Write down exactly what lies from the line containing "Warsztaty pn. ,,Rękodzieło" to the end of the records, inclusive, and omit the pictures.

Start of Block

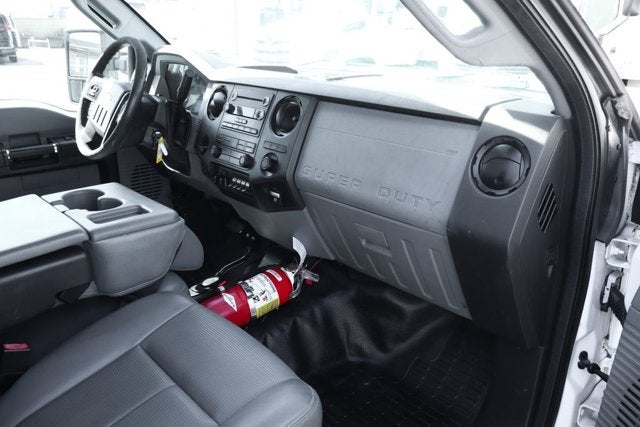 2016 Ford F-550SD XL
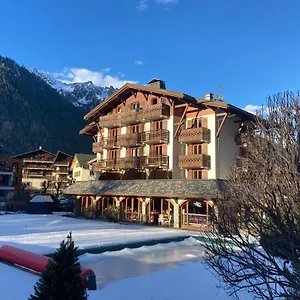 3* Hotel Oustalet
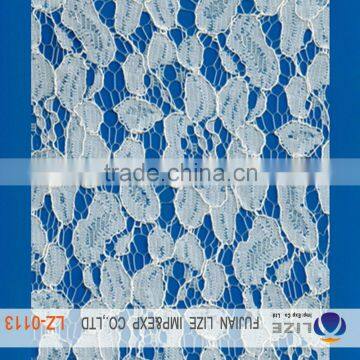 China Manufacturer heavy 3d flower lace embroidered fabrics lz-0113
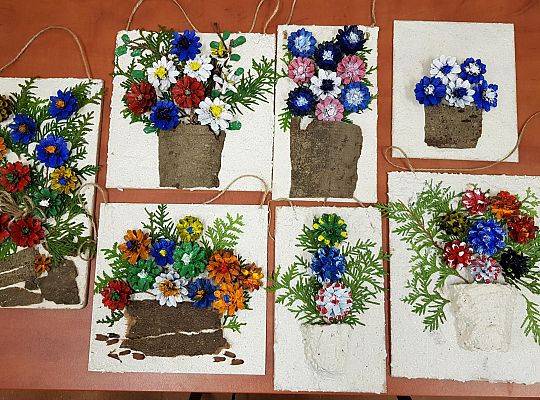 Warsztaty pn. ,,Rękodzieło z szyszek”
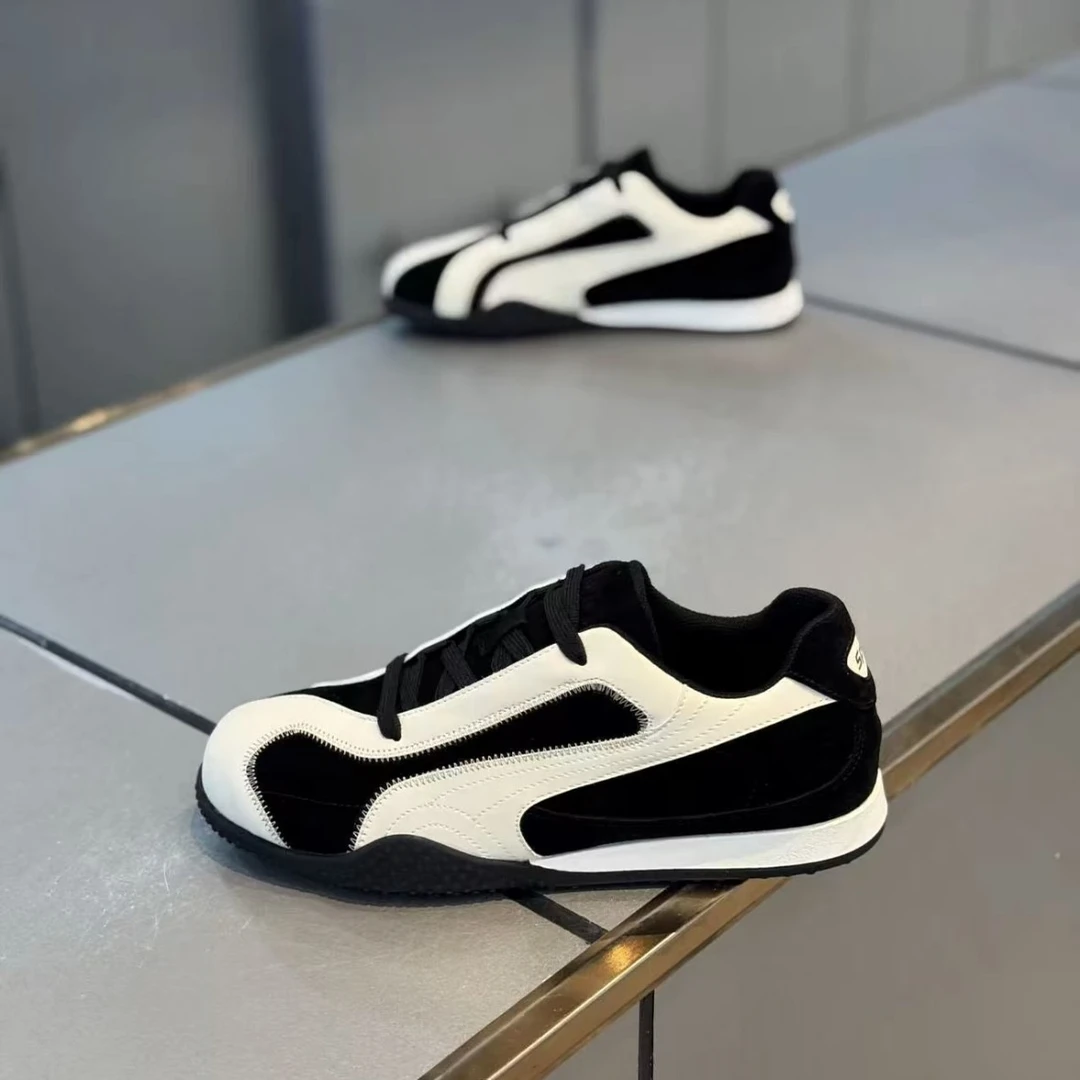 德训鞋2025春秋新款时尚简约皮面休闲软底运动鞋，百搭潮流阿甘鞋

End of Block

• Response for this exercise
 Warsztaty pn. ,,Rękodzieło z szyszek”
 德训鞋2025春秋新款时尚简约皮面休闲软底运动鞋，百搭潮流阿甘鞋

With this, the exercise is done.